Président: M Mazoyer-Rapporteur: M Denoits-Avocat général: M Bocquet-Avocats: MM Portet, Couesnon.
Observations
Aux termes de l'art 94 C. obl. Contr. «il n'y a pas lieu à responsabilité civile lorsqu'une personne, sans intention de nuire, a fait ce qu'elle avait le droit de faire» ; cette disposition consacre législativement en droit marocain la théorie de l'abus de droit: il en résulte en effet, a contrario, que l'exercice d'un droit avec intention de nuire donne ouverture à une action en réparation au profit de celui qui en est la victime.
La Cour suprême a fait de nombreuses applications de ce principe à l'exercice d'une action en justice (notamment arrêts: 23-58/59 du 4 nov 1958 ; 70-59/60 du 13 janv 1960) ou à la résistance à une demande en justice (notamment arrêts 62-59/60 du 20 déc 1960 ; 56-63/64 du 26 nov 1963). Ainsi que cela résulte des termes de l'arrêt rapporté, elle exige que la condamnation indemnitaire de l'auteur de l'abus soit justifiée par des constatations de fait établissement que cette action ou cette résistance ont été exercées avec intention de nuire, malice ou mauvaise foi, ou constituent une faute équivalente au dol.

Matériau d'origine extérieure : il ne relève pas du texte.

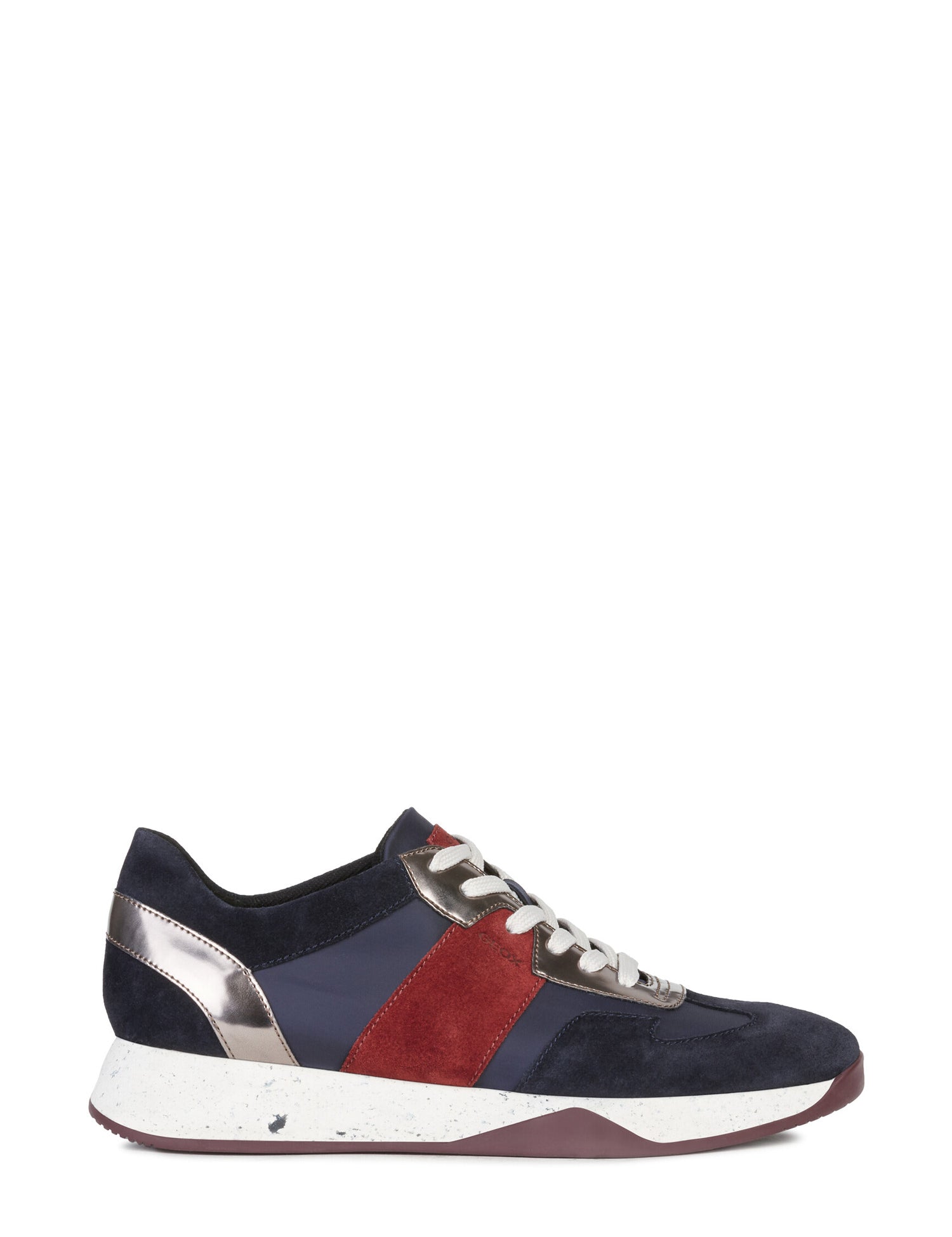Sneakers Blu Geox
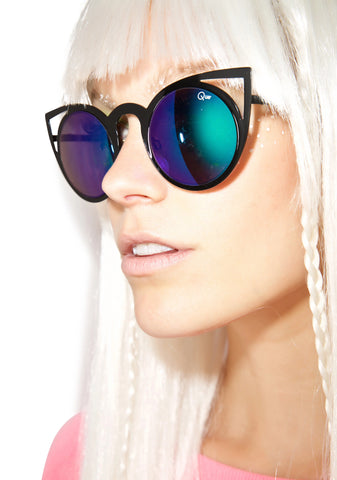 Invader Sunglasses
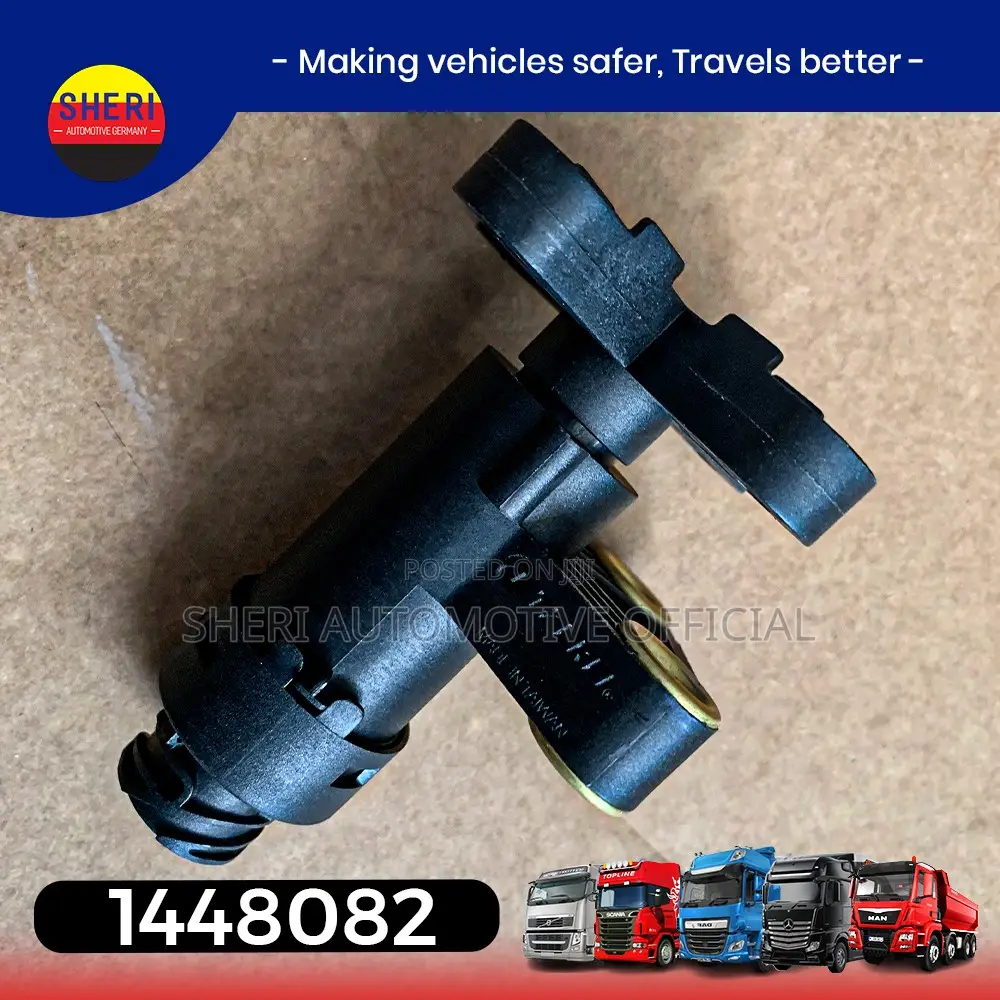 Scania Levelling Sensor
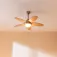 Cecotec EnergySilence Aero 495 천장 선풍기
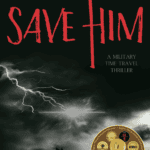 Save Him by William M Hayes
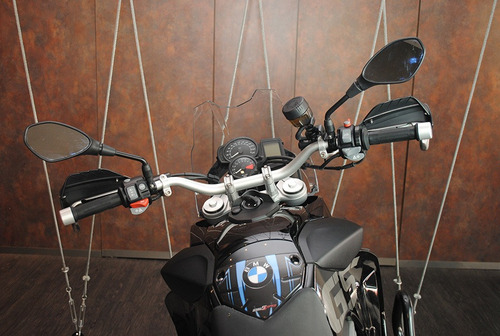 Bmw F800gs Triple Black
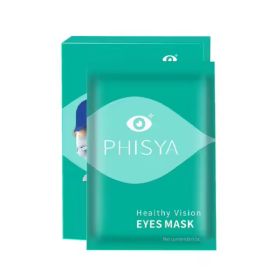 PHISYA Eye Patch Hot Selling Eye Care Products Relieve Eye Fatigue With Adult Eye Patches (Option: Default)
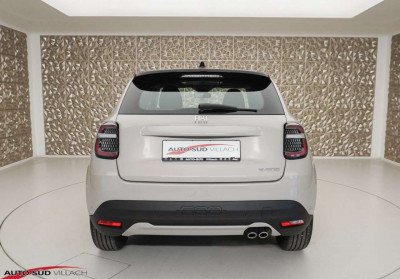 Fiat 600 Gebrauchtwagen Fiat 600 Gebrauchtwagen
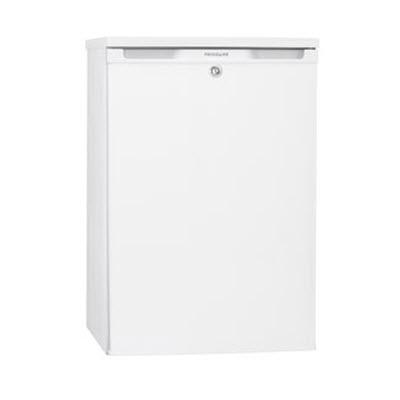  Frigidaire 22-inch, 4.7 cu. ft. Compact Refrigerator CFRH47M4MW IMAGE 1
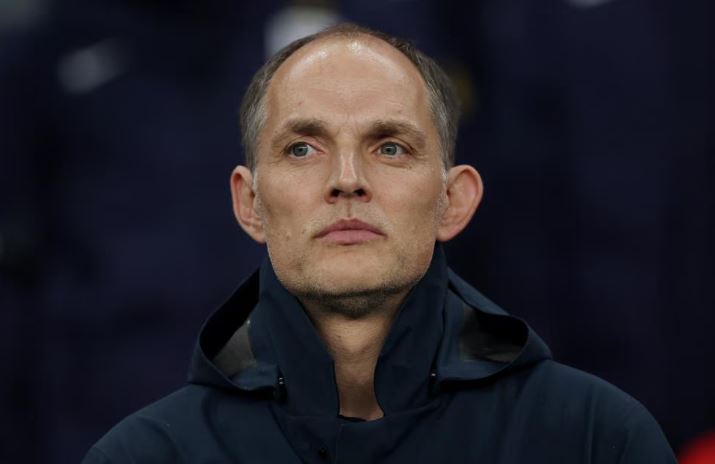 Thomas Tuchel  Ndaj Shqipërisë ishin ndeshjet më të vështira  shihemi në Botëror 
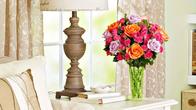 Choose from our thoughtful Sympathy and funeral flower arrangements and show how much you care.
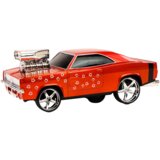 Auto na daljinsko upravljanje 1:18 Drift 360 - crveni | shoptok.hr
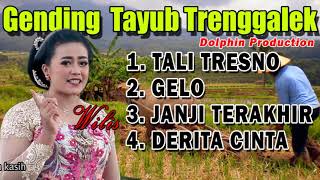 Download lagu KOLEKSI TAYUB TEROB TERBARU SPESIAL MBAK WILIS PONOROGO mp3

Elle emploie les mêmes formules lorsque, en application de l'art 36 du dahir du 27 sept 1957 relatif à la Cour suprême, elle se prononce sur la demande de dommages et intérêts formée devant elle, par le défendeur au pourvoi, pour recours abusif (v infra arrêts n 39, 114 et 130 et les arrêts cités sous l'arrêt n°39, note II). Ces formules sont d'ailleurs celles de la Cour de cassation française (v notamment Civ I, 5 avr 1954, Gaz.Pal.1954 1 379 ; Civ II, 6 févr 1957, D 1957 211 ; Civ IV, 4 févr 1960, B 129 Civ II, 20 mars 1961, B 252).